Literature DB >> 11110893

A case for evolutionary genomics and the comprehensive examination of sequence biodiversity.

D D Pollock1, J A Eisen, N A Doggett, M P Cummings.   

Abstract

Comparative analysis is one of the most powerful methods available for understanding the diverse and complex systems found in biology, but it is often limited by a lack of comprehensive taxonomic sampling. Despite the recent development of powerful genome technologies capable of producing sequence data in large quantities (witness the recently completed first draft of the human genome), there has been relatively little change in how evolutionary studies are conducted. The application of genomic methods to evolutionary biology is a challenge, in part because gene segments from different organisms are manipulated separately, requiring individual purification, cloning, and sequencing. We suggest that a feasible approach to collecting genome-scale data sets for evolutionary biology (i.e., evolutionary genomics) may consist of combination of DNA samples prior to cloning and sequencing, followed by computational reconstruction of the original sequences. This approach will allow the full benefit of automated protocols developed by genome projects to be realized; taxon sampling levels can easily increase to thousands for targeted genomes and genomic regions. Sequence diversity at this level will dramatically improve the quality and accuracy of phylogenetic inference, as well as the accuracy and resolution of comparative evolutionary studies.

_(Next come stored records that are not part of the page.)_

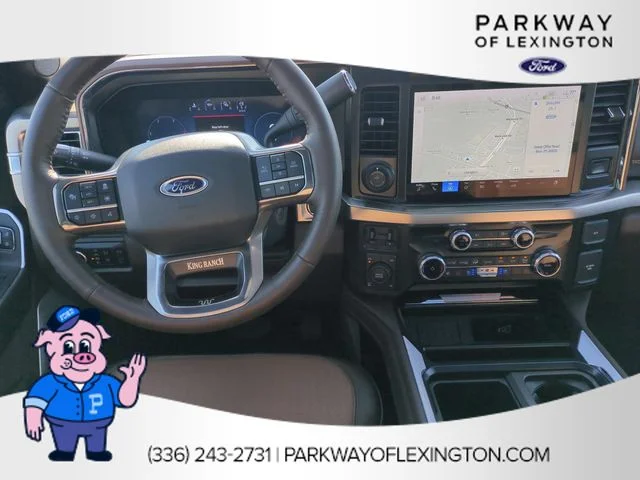 Used 2025 Gray Ford King Ranch image 31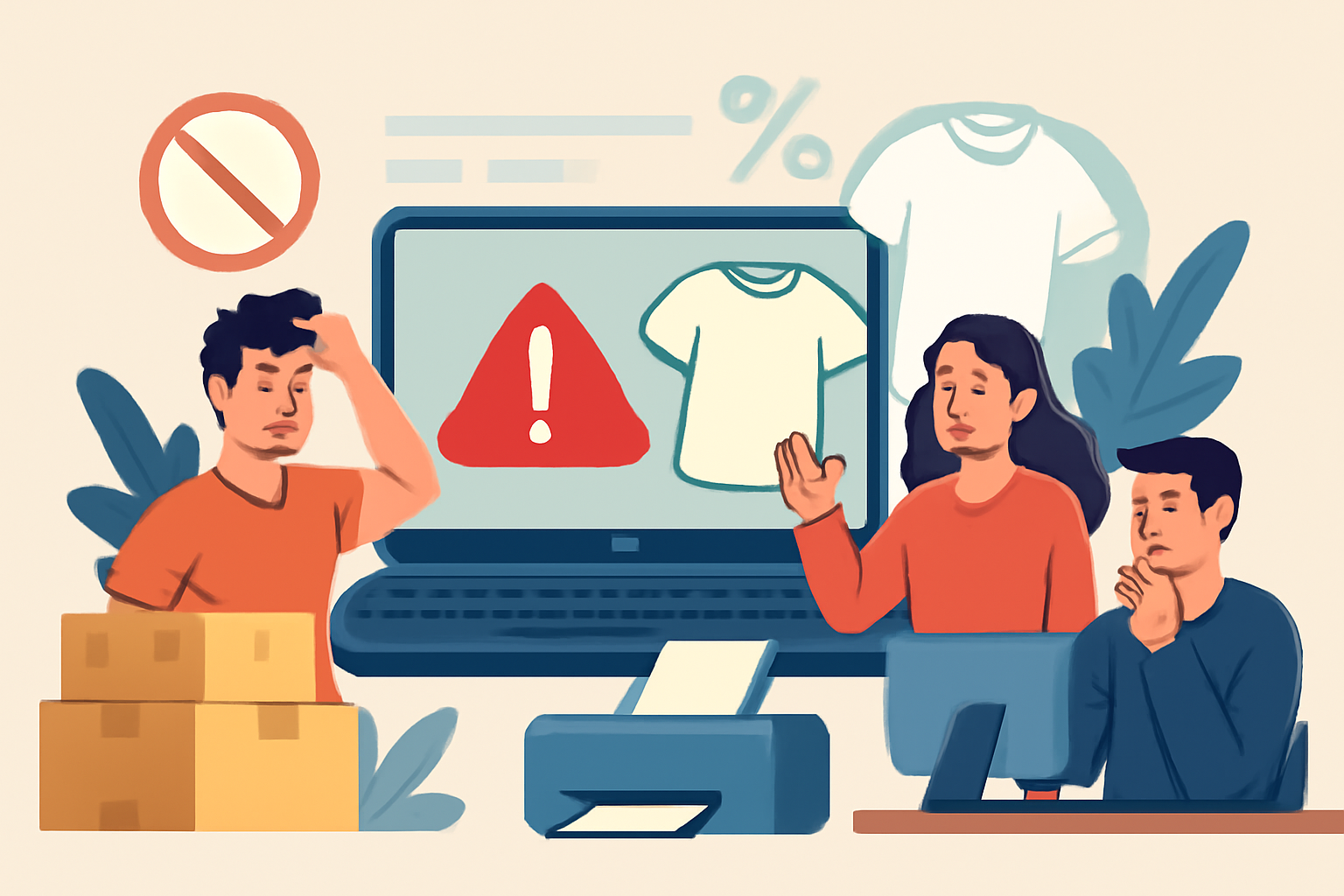 Avoid These Common Mistakes in Print on Demand to Boost Your Success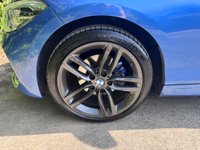 USED 2015 15 BMW 1 SERIES 2.0 120d M Sport Hatchback 5dr Diesel Manual Euro 6 (s/s) (190 ps) 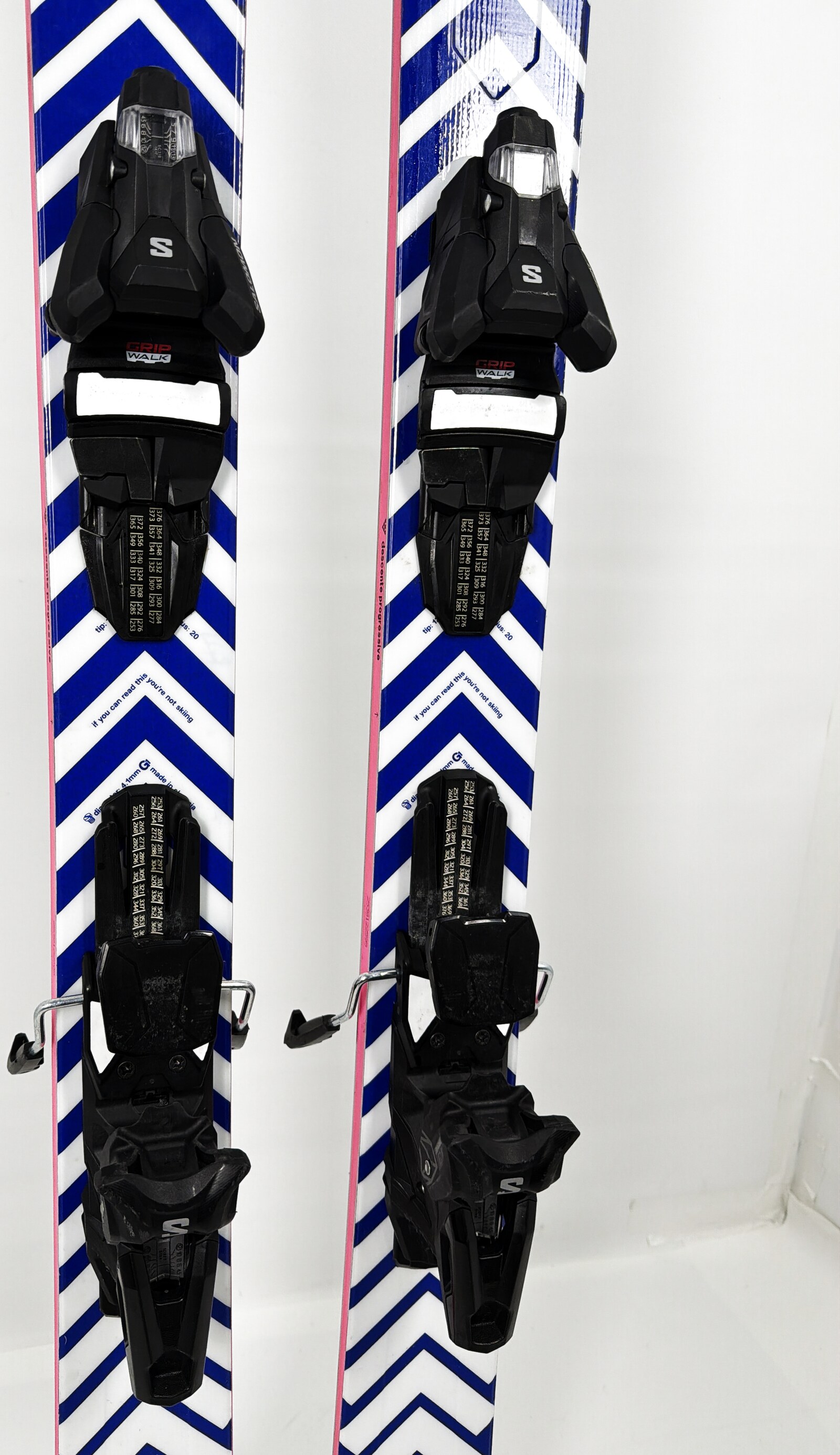 2027 Black Crows Serpo Skis Mid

In particular, it will be possible to make accurate estimates of normal evolution in the context of constant structural and functional constraints (i.e., site-specific substitution probabilities), along with accurate estimates of changes in evolutionary patterns, including pairwise coevolution between sites, adaptive bursts, and changes in selective constraints. These estimates can then be used to understand and predict the effects of protein structure and function on sequence evolution and to predict unknown details of protein structure, function, and functional divergence. In order to demonstrate the practicality of these ideas and the potential benefit for functional genomic analysis, we describe a pilot project we are conducting to simultaneously sequence large numbers of vertebrate mitochondrial genomes.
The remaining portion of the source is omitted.